Luckily for Sarah J. Maas, her book was being released within days and she has a massive fan base so the one star reviews really didn't have much affect when all was said and done. Her fans also rallied behind her and countered the bad reviews with good ones, although they hadn't read the book either. Laura Silverman's book, however, is not being published until next spring and no ARCs even exist yet. Her ratings quickly plummeted below two stars. Thank goodness Goodreads and her publisher (with the help of Twitter users who flagged the obviously fake reviews) took action to remove the troll reviews, but it's terrifying to think that someone's reputation or livelihood could be damaged by people who disagree with an author's opinions. Which brings me today's issue: 

Should Goodreads allow reviews before a book is released? 

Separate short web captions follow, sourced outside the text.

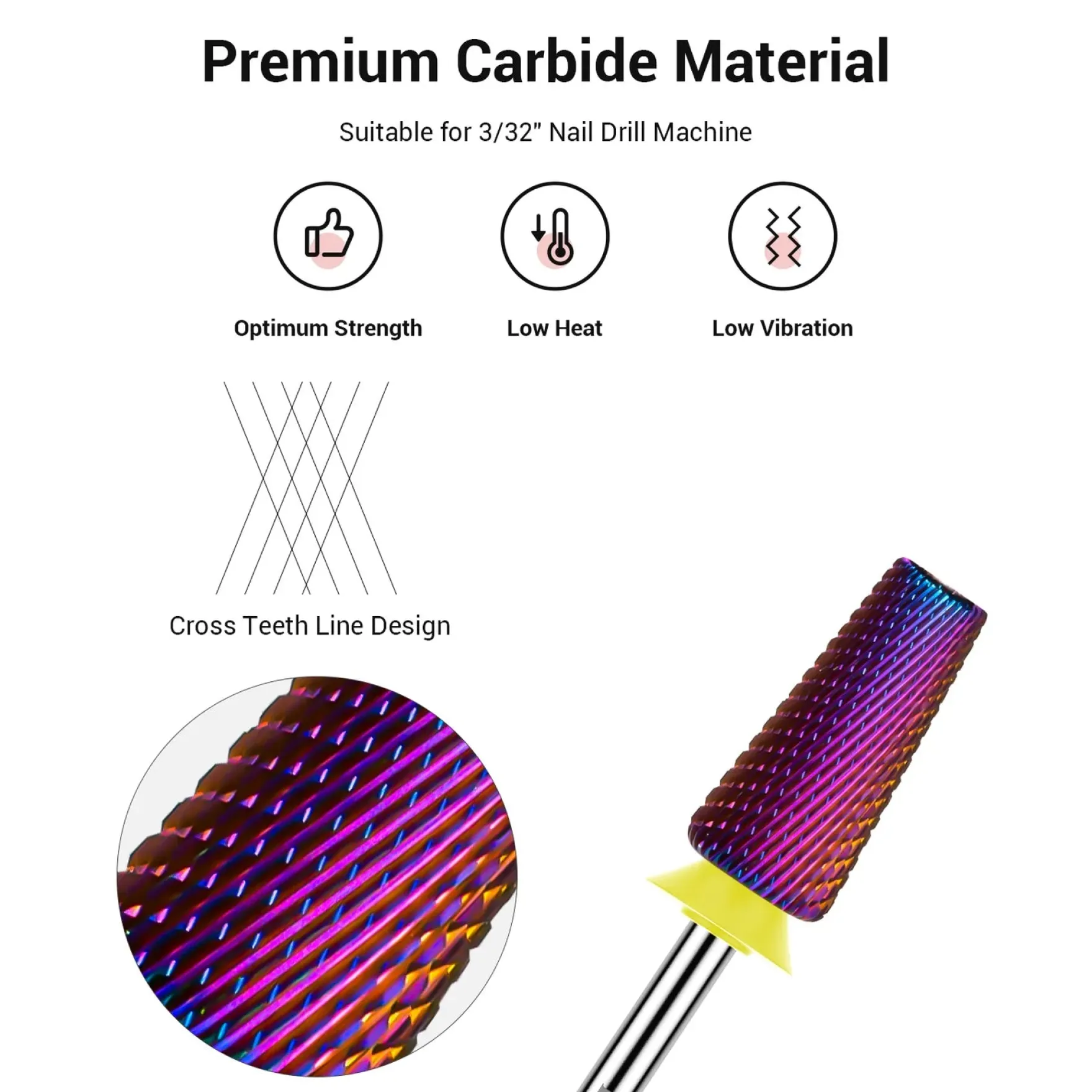 5-in-1 Cross Cut Tungsten Carbide Nail Drill Bits Coarse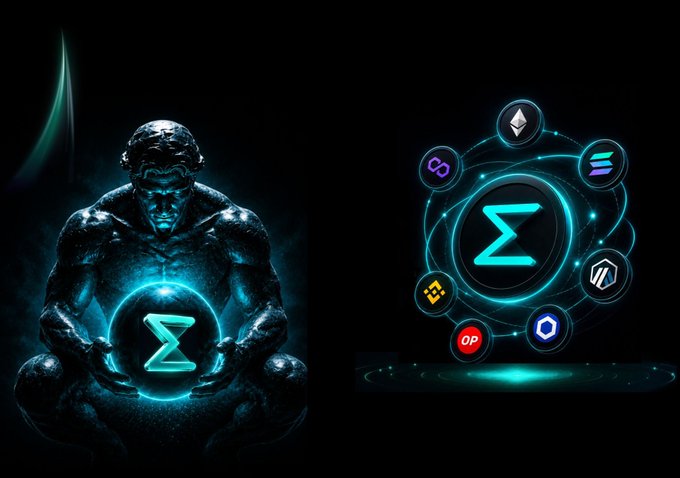 A dark digital artwork featuring a muscular figure holding a glowing Ethereum-style symbol on the left, and a circular array of cryptocurrency logos around a central 'Σ' symbol on the right.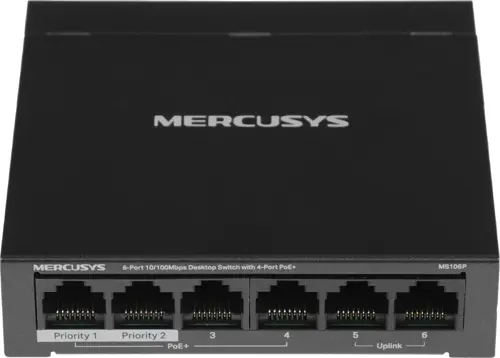 ���������� Mercusys MS106P (L2) 6x100����/� 4PoE+ 67W ������������� (MS106P)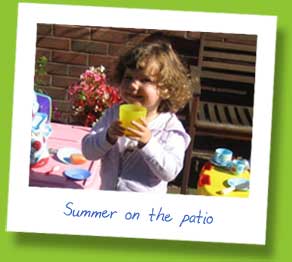 My daughter enjoying the summer on the patio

I'm going to be honest, I love that Goodreads lets me post ARC reviews early! If they didn't, chances are I'd probably forget to post there at all, as is sometimes the case with Amazon. The way things are now I have the ability to post a review here and there at the same time, regardless of how early I get to read an ARC. It's my system and I love it! But people abuse it and that sucks. 

Although Amazon owns Goodreads, they allow this on their book-only website, possibly precisely to help hype books that will later be purchased on Amazon itself. I don't know what their reasoning is, but is it time to change it? With these two authors in particular the book community and Goodreads did a good job of counteracting the trolls, but what about smaller indie authors who don't have the kind of following who can make a difference? 

The other side of this is that it could happen at any time, even after a book is published. I've seen this happen on Amazon years after a book is released when an author pisses off the wrong group of people at the wrong time. Anne Rice is a prime example.  Perhaps the answer is simply to continue monitoring reviews and weeding out the trolls. 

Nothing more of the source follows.